OH DANG that pricing.



Zydala said:


> Very very nice for the price  I bought this model for my girlfriend to replace her old intuos 2: http://www.monoprice.com/Product?c_id=108&cp_id=10841&cs_id=1084101&p_id=5553&seq=1&format=2
> 
> If you're used to wacom tablets it takes a bit of time to adjust but otherwise we never had a problem with ours at all. She used it daily for hours for about a year and a half before she moved on to the cintiq. Good starting tablet for sure.



Yeah I'm considering one to replace my small Wacom so I can go a size up with a Monoprice, I'm just not sure if my Intuos 4 small is superior in function. I think I can manage a bit of adjustment, and I'd have to anyway if I was going to get a medium Intuos!

Though it's got 1024 levels of pressure sensitivity and the intuos has double that... Not sure if it should worry me.

But considering the price I'll give it a go anyway. Thanks bunches!


----------



## Lobar (Dec 19, 2013)

Gibby said:


> OH DANG that pricing.
> 
> 
> 
> ...



The 8"x5" and the 10"x6.25" both have 2048 levels of pressure if that's a sticking point.  Better LPI, too.

edit: They've changed their tablet lineup a bit since I last looked, and some of the 10"x6.25" ones are only 1024 levels.  Get this one.  It also has hotkeys now, which is nice because mine doesn't.


----------



## Schwimmwagen (Dec 19, 2013)

Lobar said:


> The 8"x5" and the 10"x6.25" both have 2048 levels of pressure if that's a sticking point.  Better LPI, too.



OOH

Gonna try that out, thanks!

Either way even if I don't like them I think I can live with it giving the prices. Wacom's prices for Intuos tablets are 2hi4me.


----------



## Neon Rain (Dec 19, 2013)

Ive heard lots of good things about Monoprice


----------



## Rinz (Dec 19, 2013)

Gibby said:


> OH DANG that pricing.
> 
> 
> 
> ...


When I switched from my Intuos3 to the Intuos4, I didn't really notice any major difference between the two.

Edit: I realize that I actually posted that without mentioning its relevance! The Intuos3 had 1024, while the 4s introduced 2048.


----------



## Arshes Nei (Dec 19, 2013)

Rinz said:


> When I switched from my Intuos3 to the Intuos4, I didn't really notice any major difference between the two.
> 
> Edit: I realize that I actually posted that without mentioning its relevance! The Intuos3 had 1024, while the 4s introduced 2048.

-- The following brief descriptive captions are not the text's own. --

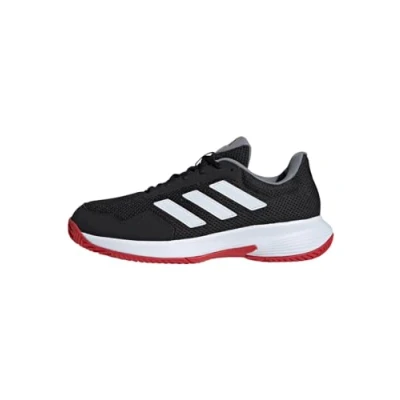 Abbildung von adidas Unisex Gamecourt Lite Sneaker, Green Spark Core Black Semi Spark, 39 1/3 EU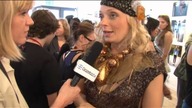 Suknia z kasety The Cure i pokaz kapeluszy podczas Sopot Fashion Days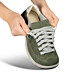 Chaussures de confort Helvesko : mod�le Travo, vert Image 4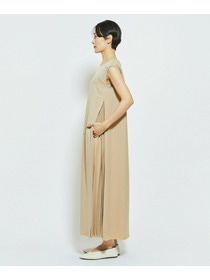 【MOGA Collection】MOGA Collection ウーリープリーツストレートワンピース 詳細画像 ブラック 22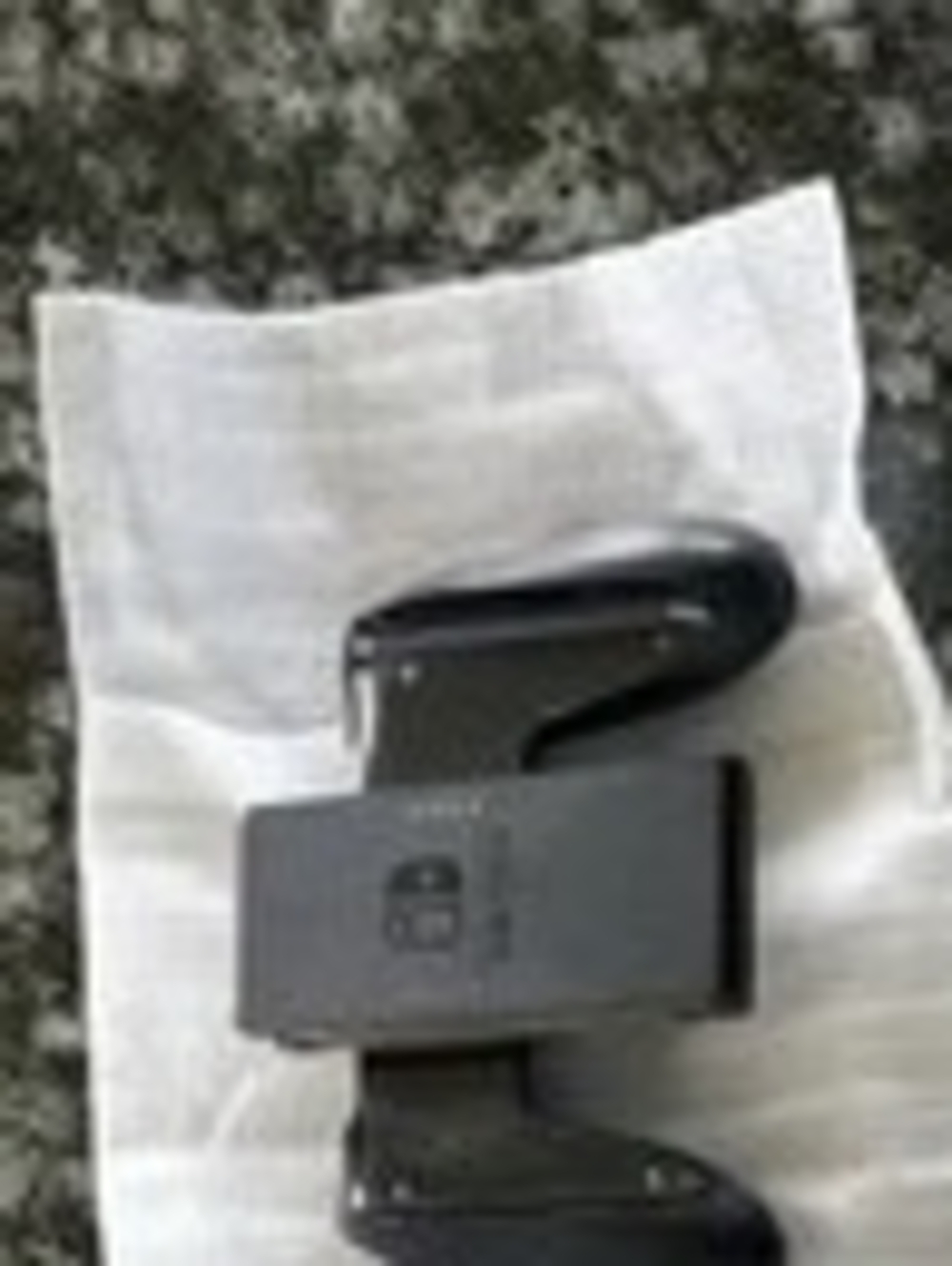 Nintendo Handheld Console with Gray Controllers - Picture 2 of 6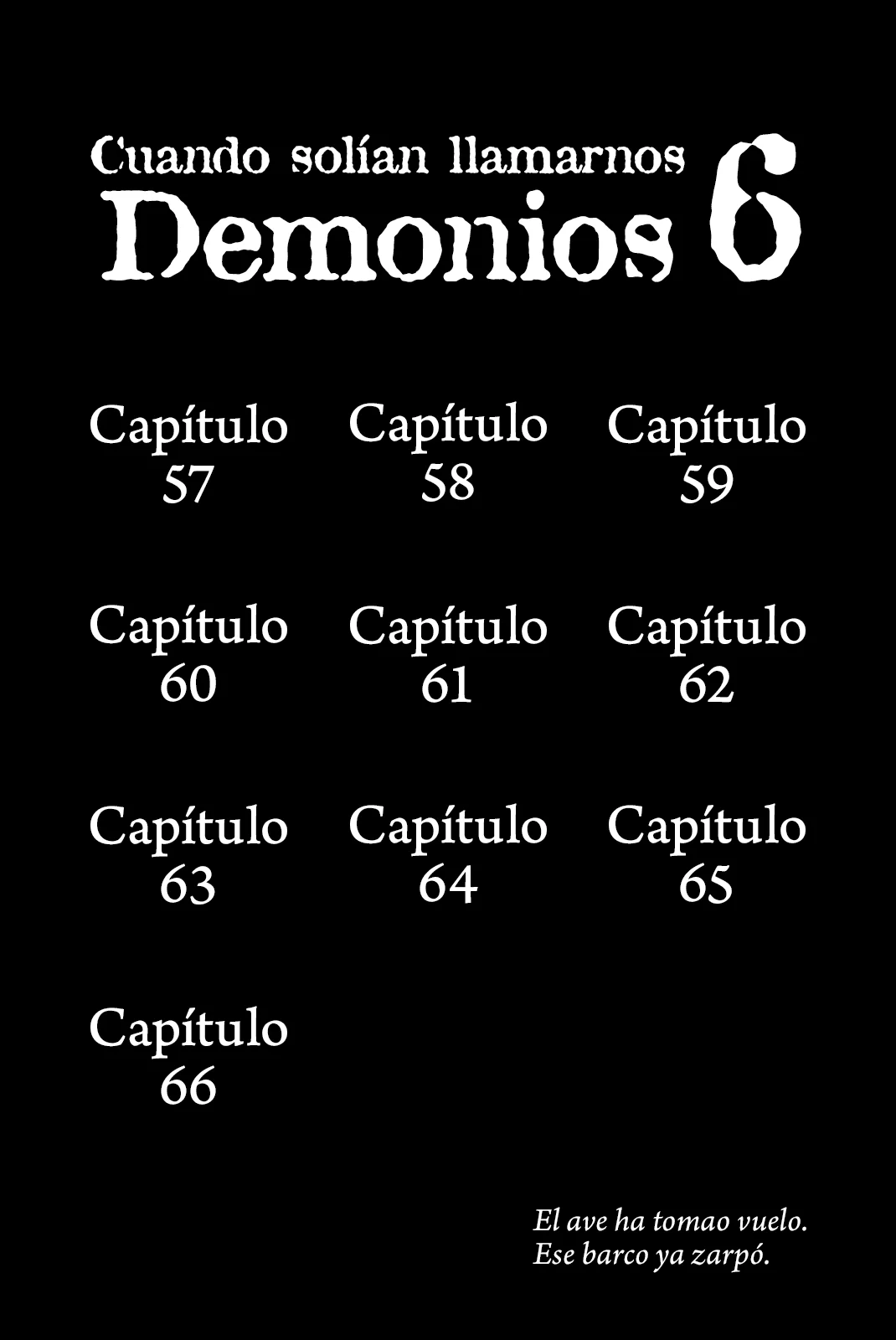 Kimi ga Bokura wo Akuma to Yonda Koro Capítulo 57 - Page 3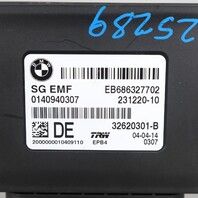 2014 BMW 528i Parking Brake EMF Control Module 34436863277 OEM Used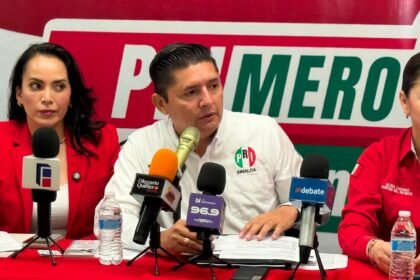 PRI en Sinaloa critica a Morena por inseguridad y crisis económica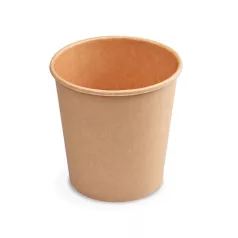 Salátás tál papír 750ml Ø115mm [50db]
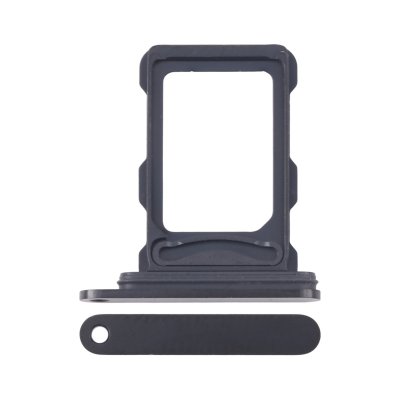 iPhone 16 Pro/16 Pro Max Simkortshållare - Svart (v2)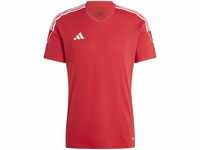 adidas Herren Tiro 23 League Jersey Short Sleeve , Team Power Red 2/White, XL EU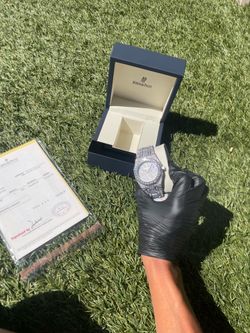 Moissanite watch
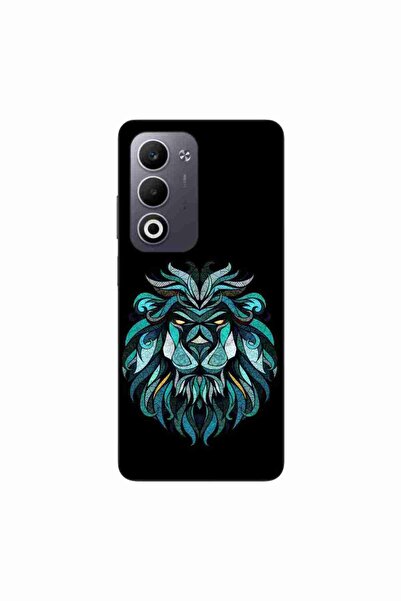 OEM Husa compatibila cu Oppo A5 Silicon Gel Tpu Model Abstract Lion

I did, it had that awful fattened stroke in about every program like PS, Sai due to the near zero pressure sensitivity introduced in the 4. The thing is, it also depends on the program you used. Not every program was even setup to use 2048 and defaulted to legacy. I am glad they introduced the Pressure Curve in later drivers. It drove me crazy how you couldn't get a proper tapered stroke in those programs.


----------